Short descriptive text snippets

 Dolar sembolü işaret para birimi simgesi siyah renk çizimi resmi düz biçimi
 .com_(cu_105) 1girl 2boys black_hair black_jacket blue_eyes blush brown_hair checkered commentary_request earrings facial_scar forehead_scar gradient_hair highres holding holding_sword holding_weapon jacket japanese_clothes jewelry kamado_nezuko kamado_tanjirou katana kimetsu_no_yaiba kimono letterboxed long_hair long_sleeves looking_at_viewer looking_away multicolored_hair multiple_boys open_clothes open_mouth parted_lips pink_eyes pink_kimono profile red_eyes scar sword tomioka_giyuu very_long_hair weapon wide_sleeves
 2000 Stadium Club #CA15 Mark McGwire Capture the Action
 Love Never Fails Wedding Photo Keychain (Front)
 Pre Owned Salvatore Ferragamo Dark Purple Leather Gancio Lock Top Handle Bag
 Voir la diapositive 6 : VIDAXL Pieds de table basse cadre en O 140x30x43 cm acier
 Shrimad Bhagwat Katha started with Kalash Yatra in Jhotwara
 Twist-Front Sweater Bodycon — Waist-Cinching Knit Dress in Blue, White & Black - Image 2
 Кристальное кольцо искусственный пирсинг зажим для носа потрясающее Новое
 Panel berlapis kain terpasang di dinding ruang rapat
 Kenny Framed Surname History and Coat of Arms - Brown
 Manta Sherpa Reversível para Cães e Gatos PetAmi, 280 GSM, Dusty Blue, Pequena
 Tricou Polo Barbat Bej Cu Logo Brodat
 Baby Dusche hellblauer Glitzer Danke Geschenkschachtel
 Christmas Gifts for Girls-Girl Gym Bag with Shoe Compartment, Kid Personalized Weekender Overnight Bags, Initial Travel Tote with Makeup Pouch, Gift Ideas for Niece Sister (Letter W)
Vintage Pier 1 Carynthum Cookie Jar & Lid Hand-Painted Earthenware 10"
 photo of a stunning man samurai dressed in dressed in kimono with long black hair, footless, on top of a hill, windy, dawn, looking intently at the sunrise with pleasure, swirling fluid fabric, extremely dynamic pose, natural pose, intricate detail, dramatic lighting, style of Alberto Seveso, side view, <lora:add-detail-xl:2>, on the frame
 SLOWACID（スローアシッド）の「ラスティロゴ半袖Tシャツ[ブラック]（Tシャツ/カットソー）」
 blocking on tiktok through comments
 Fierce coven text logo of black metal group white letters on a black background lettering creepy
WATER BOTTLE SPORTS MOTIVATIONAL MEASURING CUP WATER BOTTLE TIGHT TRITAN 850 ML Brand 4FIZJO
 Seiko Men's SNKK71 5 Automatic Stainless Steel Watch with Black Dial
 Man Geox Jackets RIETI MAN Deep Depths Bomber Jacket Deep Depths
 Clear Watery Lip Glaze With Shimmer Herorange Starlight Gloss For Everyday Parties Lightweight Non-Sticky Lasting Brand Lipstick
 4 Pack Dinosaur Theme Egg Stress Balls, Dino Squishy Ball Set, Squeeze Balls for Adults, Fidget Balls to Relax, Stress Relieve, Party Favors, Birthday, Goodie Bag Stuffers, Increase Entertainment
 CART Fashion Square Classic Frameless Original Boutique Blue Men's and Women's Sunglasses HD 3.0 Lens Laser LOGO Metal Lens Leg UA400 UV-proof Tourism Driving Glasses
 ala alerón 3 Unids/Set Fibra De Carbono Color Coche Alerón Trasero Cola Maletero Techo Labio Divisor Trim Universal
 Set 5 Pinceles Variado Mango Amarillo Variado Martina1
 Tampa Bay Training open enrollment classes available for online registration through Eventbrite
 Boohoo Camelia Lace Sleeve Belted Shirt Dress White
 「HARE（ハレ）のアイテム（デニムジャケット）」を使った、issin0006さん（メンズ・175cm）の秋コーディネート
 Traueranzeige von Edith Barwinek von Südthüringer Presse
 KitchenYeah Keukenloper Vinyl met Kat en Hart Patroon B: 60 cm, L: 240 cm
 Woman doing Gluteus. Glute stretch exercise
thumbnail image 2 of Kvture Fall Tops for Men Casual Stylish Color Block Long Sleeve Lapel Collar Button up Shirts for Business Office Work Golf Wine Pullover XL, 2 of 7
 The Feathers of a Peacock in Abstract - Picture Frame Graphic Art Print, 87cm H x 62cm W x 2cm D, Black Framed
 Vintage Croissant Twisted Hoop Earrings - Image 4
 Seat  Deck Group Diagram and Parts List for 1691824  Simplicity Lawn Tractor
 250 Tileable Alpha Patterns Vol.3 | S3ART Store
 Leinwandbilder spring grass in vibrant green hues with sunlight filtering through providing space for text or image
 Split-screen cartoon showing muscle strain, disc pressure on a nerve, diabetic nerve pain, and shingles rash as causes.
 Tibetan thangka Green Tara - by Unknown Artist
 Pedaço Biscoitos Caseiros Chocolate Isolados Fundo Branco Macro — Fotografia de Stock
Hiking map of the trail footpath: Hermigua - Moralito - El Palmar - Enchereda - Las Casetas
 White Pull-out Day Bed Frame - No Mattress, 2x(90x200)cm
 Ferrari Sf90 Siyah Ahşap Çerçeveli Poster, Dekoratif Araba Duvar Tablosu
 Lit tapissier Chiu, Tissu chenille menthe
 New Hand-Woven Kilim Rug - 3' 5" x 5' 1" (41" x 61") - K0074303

WORK INSTRUCTIONS: When the line with "SLOWACID（スローアシ" is reached in the data above, begin copying, and stop after the line with "Woman doing Gluteus. Glute stretch exercise"; copy each line exactly, both ends included.

EXERCISE RESULT:
 SLOWACID（スローアシッド）の「ラスティロゴ半袖Tシャツ[ブラック]（Tシャツ/カットソー）」
 blocking on tiktok through comments
 Fierce coven text logo of black metal group white letters on a black background lettering creepy
WATER BOTTLE SPORTS MOTIVATIONAL MEASURING CUP WATER BOTTLE TIGHT TRITAN 850 ML Brand 4FIZJO
 Seiko Men's SNKK71 5 Automatic Stainless Steel Watch with Black Dial
 Man Geox Jackets RIETI MAN Deep Depths Bomber Jacket Deep Depths
 Clear Watery Lip Glaze With Shimmer Herorange Starlight Gloss For Everyday Parties Lightweight Non-Sticky Lasting Brand Lipstick
 4 Pack Dinosaur Theme Egg Stress Balls, Dino Squishy Ball Set, Squeeze Balls for Adults, Fidget Balls to Relax, Stress Relieve, Party Favors, Birthday, Goodie Bag Stuffers, Increase Entertainment
 CART Fashion Square Classic Frameless Original Boutique Blue Men's and Women's Sunglasses HD 3.0 Lens Laser LOGO Metal Lens Leg UA400 UV-proof Tourism Driving Glasses
 ala alerón 3 Unids/Set Fibra De Carbono Color Coche Alerón Trasero Cola Maletero Techo Labio Divisor Trim Universal
 Set 5 Pinceles Variado Mango Amarillo Variado Martina1
 Tampa Bay Training open enrollment classes available for online registration through Eventbrite
 Boohoo Camelia Lace Sleeve Belted Shirt Dress White
 「HARE（ハレ）のアイテム（デニムジャケット）」を使った、issin0006さん（メンズ・175cm）の秋コーディネート
 Traueranzeige von Edith Barwinek von Südthüringer Presse
 KitchenYeah Keukenloper Vinyl met Kat en Hart Patroon B: 60 cm, L: 240 cm
 Woman doing Gluteus. Glute stretch exercise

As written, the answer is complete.